A plan to modernise the London Market – the major international insurance market based in the United Kingdom's capital – may include recommendations to use blockchain technology to improve data access and reduce costs associated with administrative paperwork.
Lloyd's, one of the London Market's key participants, held a seminar in London last week to highlight blockchains, among other technologies, to insurance market participants as part of their modernisation plan, called the Target Operating Model, or TOM.
Blockchains could bring increased risk-recording abilities, transparency, accuracy and speed to the insurance markets, Lloyd's director of operations, Shirine Khoury-Haq told CoinDesk in a statement.

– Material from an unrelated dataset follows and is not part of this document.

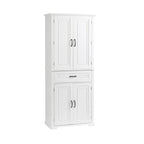 Freestanding Floor Cabinet with Doors, Drawer, and Adjustable Shelf
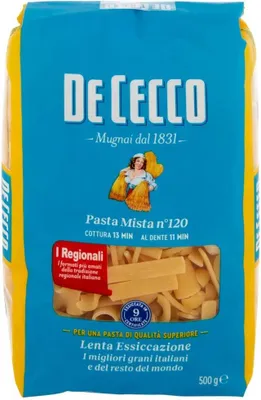 Produktbild von 10x Pasta De Cecco 100% Italienisch Pasta Mista N°120 Nudeln 500g + Italian Gourmet Polpa 400g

Khoury-Haq elaborated on the insurance market's interest in blockchains:
"Blockchain has the potential to improve the way insurers record risk, increasing the speed, accuracy and transparency of our processes. As part of the TOM consultation we will be interested to see how blockchain could help us resolve some of the challenges facing our industry.”
The two blockchain use-cases floated at the seminar were for blockchain-powered digital 'deal rooms', where documents can be securely shared and logged, and a new token on a permissioned ledger for insurance markets. The ideas were presented by Michael Mainelli, an emeritus professor at Gresham College and executive chairman of Z/Yen, a think-tank and venture capital firm.

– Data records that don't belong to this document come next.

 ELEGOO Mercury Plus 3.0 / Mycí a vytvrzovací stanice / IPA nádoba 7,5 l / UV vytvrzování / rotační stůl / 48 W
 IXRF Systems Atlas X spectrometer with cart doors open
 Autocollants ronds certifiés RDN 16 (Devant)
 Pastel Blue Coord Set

Blockchain-powered deal-rooms
Mainelli said online digital deal-rooms could significantly change the way business is currently done in the London Market. While such technology already exists, few market participants make use of it.
Instead, they rely on physical proximity to one another, personal relationships and paper documents to get deals done, he said.

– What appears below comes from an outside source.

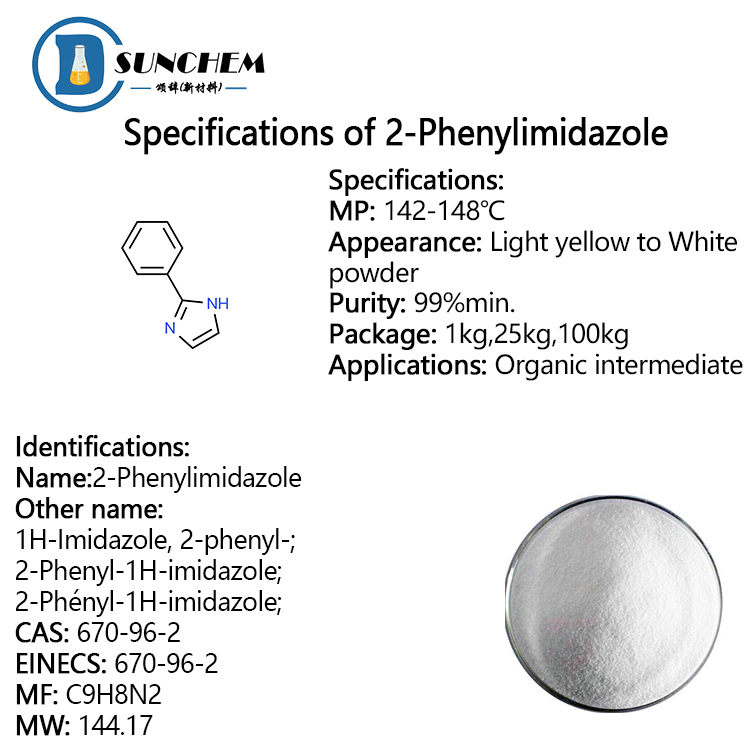 Factory supply 2-Phenyl-1H-imidazole / 2-Phenylimidazole cas 670-96-2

"Everyone [in the market] works within three minutes of Lloyds, but they also know they're dirt if they renege on a contract. Within hours everyone will freeze them out," Mainelli added.
But an online deal-room using a blockchain could make the London Market more attractive to international business, which could drive significant growth for Lloyd's and the London Market, he pointed out.
"If we were sitting in Hong Kong right now and decided to create a global insurance market, we could build a quick deal-room and we would automate it from the start," added Mainelli.
A blockchain-based deal-room would strip out the need to trust an intermediary while providing an accurate record of the documents shared by the deal's participants.
"It gives you a database that's unalterable and nobody owns. It's a ledger of who sent what to whom, when, forever. That's an important part [of the insurance process]," Mainelli said.